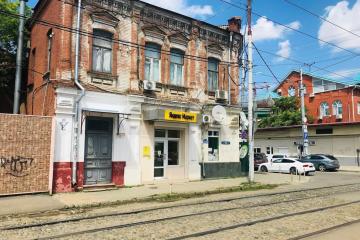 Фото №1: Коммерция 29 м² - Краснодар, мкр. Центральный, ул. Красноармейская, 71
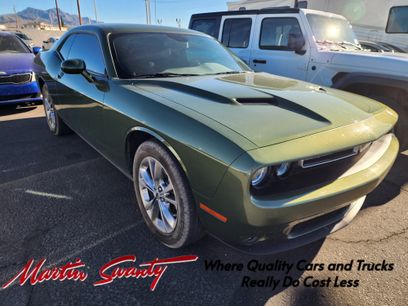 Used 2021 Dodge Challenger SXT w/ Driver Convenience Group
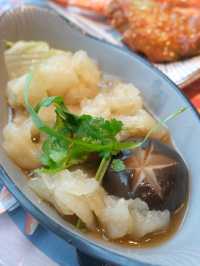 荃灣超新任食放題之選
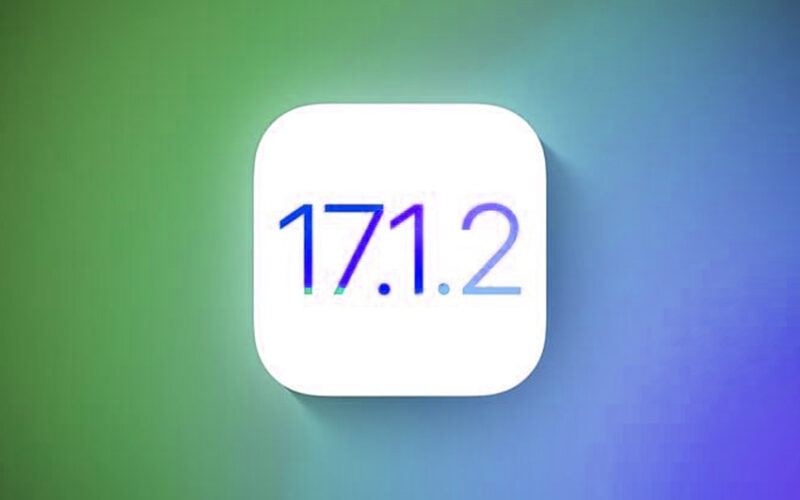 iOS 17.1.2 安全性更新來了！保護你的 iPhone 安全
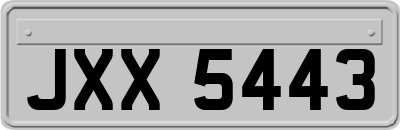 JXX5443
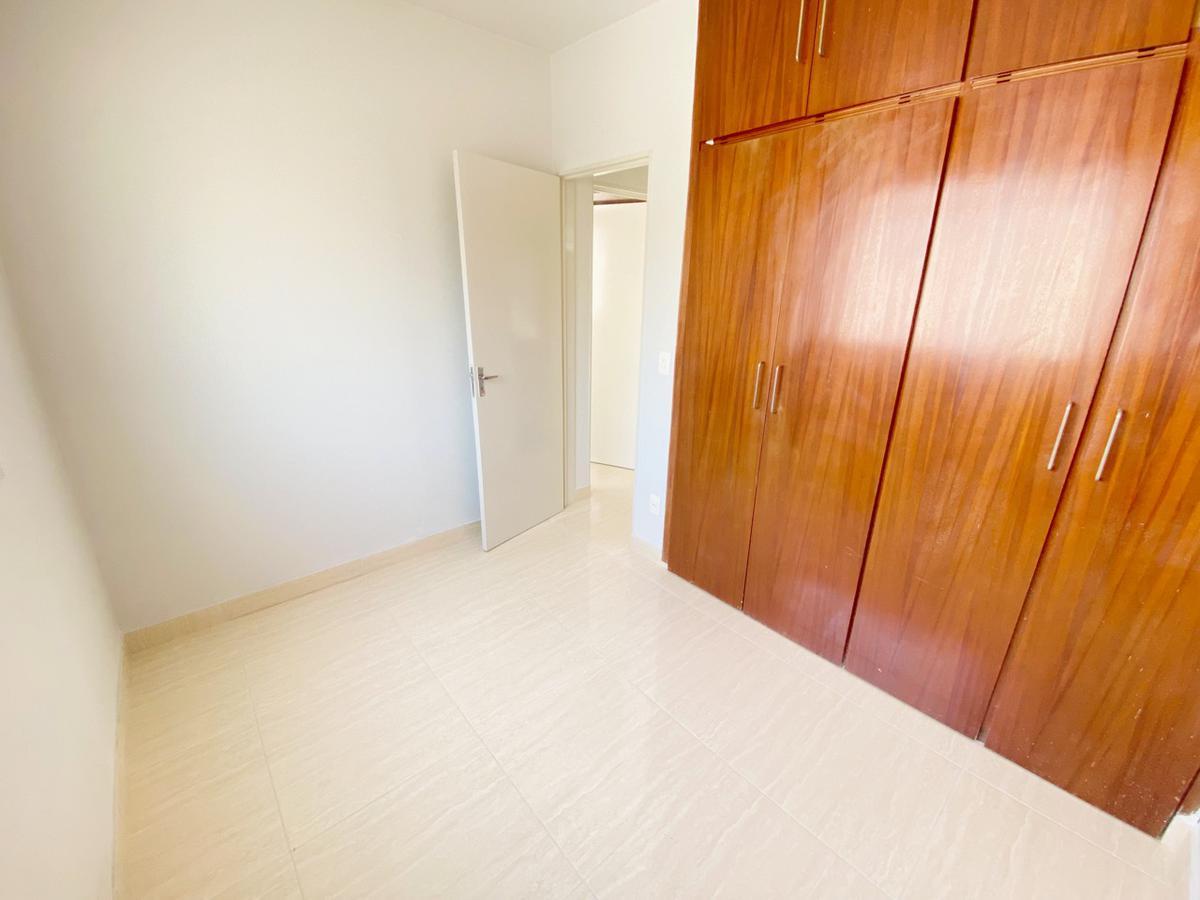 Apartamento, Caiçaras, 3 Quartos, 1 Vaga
════════════════════
## YOUR TASK
If the listing above includes images, copy every line of it exactly except those images.

## OUTPUT FOR THIS EXERCISE
 Фото №1: Коммерция 29 м² - Краснодар, мкр. Центральный, ул. Красноармейская, 71
 Used 2021 Dodge Challenger SXT w/ Driver Convenience Group
 荃灣超新任食放題之選
 iOS 17.1.2 安全性更新來了！保護你的 iPhone 安全
 JXX5443
 Apartamento, Caiçaras, 3 Quartos, 1 Vaga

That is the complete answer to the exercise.